The government is in negotiation with the Kenya Revenue Authority (KRA) and the National Treasury to introduce incentives for purchasing fuel-efficient cars and cut down carbon emissions. This was announced as one of the recommendations of a study by United Nations Environment Programme (UNEP) and University of Nairobi unveiled by Energy Regulatory Commission (ERC).


This has been attributed to low levels of public awareness on environmental degradation in addition to inadequate incentives that would encourage people buying motor vehicles to opt for fuel efficiency.On the other hand, the country is already enjoying the positive effects of new fuel standards introduced by the East African Community.

“The Harmonized Fuel Standards specified that diesel have a maximum sulphur content of 50 parts per million (ppm), while petrol should have an octane rating of 93,” said Engineer Joseph Njoroge, Principal Secretary at the Ministry of Energy and Petroleum.

“With these standards, the quality of fuel sold in Kenya matches that sold in developed countries,” remarked Eng. Njoroge.
The Principal Secretary was speaking during the launch of a study report on the Global Fuel Economy Initiative (GFEI) in Kenya. GFEI is a partnership of five organizations actively involved in improving the fuel economy of vehicles with expected positive impacts on human health and climate change.

The five GFEI organizations are: United Nations Environment Programme (UNEP), the European Union (EU), the Global Environment Facility (GEF), International Energy Agency (IEA), the International Transport Forum (ITF), and FIA Foundation.
In Kenya, UNEP collaborated with the Energy Regulatory Commission (ERC) to undertake the GFEI study project. In turn, ERC commissioned the University of Nairobi to carry out the study. National vehicle inventory data was analyzed to obtain the current fuel consumption and carbon dioxide emission levels. Subsequently, there was a survey on existing regulations in the transport sector, determination of health implications and Cost Benefit Analysis.

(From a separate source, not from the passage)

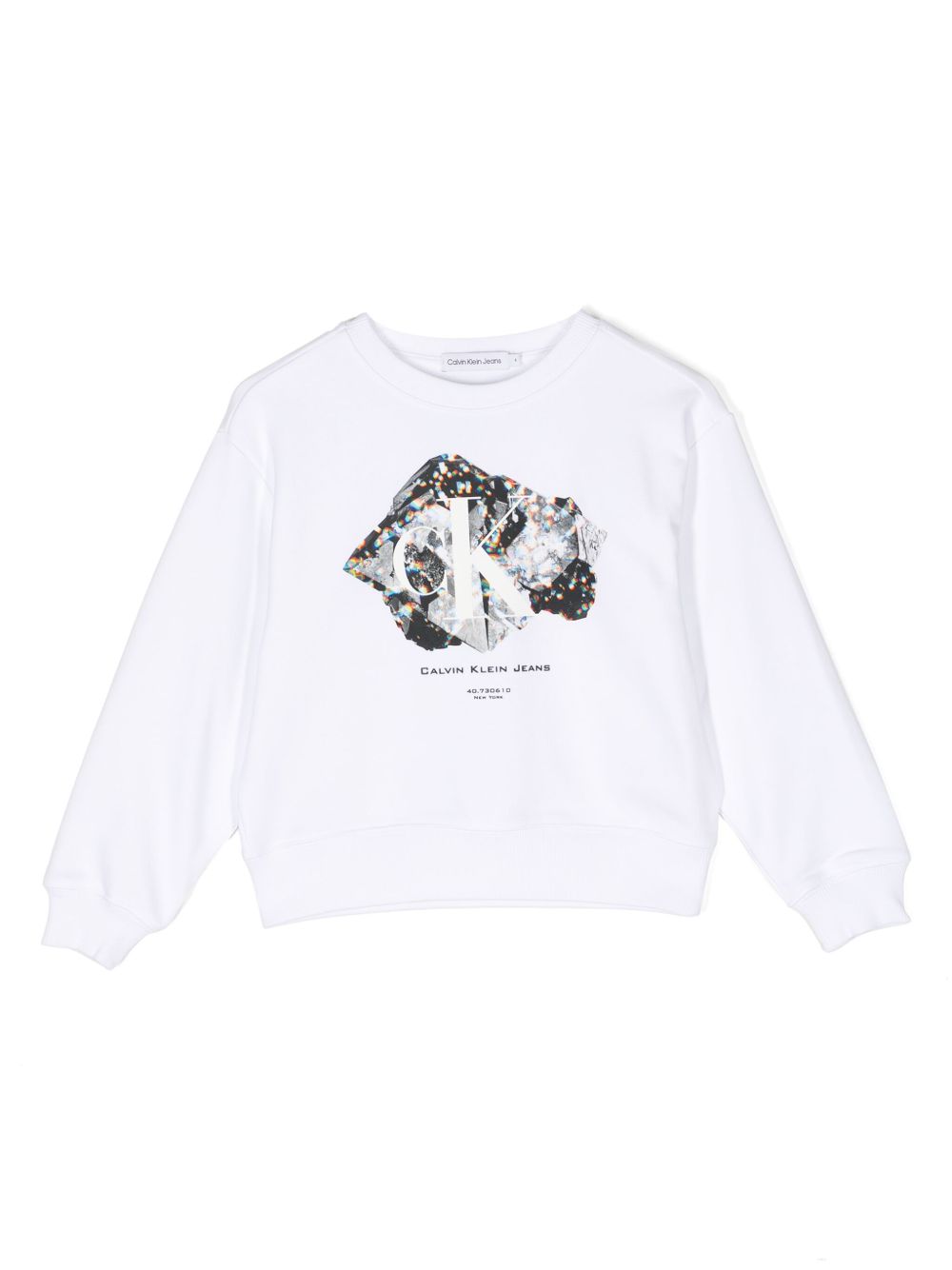 Calvin Klein Kids 晶饰图案印花卫衣 - 白色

Recommendations from the GFEI study
a) Vehicle Inspection
The Motor Vehicle Inspection Unit should develop capacity to:
•    Conduct regular inspection for vehicle safety, roadworthiness and exhaust emissions for all vehicles.
•    Increase capacity of the unit or license credible garages to provide the inspection services to all vehicles and motorcycles.

b) Taxes
The National Treasury should establish mechanisms to:
•    Develop fuel tax options / tax rebate systems in relation to CO2 emissions and fuel efficiency levels.
•    Reduce per capita annual kilometres travelled through travel demand management strategies.

c) Infrastructure and transport planning
The Ministry of Transport and Infrastructure should establish a framework for provision of mass transit (Bus/Train) to enhance a shift from private car dominance and provide for Non-Motorized Transport modes i.e. bicycles lanes, special lanes for cart-pooling and pedestrian lanes.

d) Health surveillance
Ministries of Health and Environment should establish frameworks to:
•    Conduct continuous surveillance of total suspended particulate (TSP) matter and elemental concentrations.
•    Conduct periodic estimation of economic burden of vehicle emission related illnesses in order to plan and implement control and prevention policies and programs.

e) Vehicle and fuel Standards
National Transport and Safety Authority should establish a framework to:
•    Phase out motorcycles with two stroke engines on account of high pollution and fuel consumption levels.
•    Implement all relevant existing standards.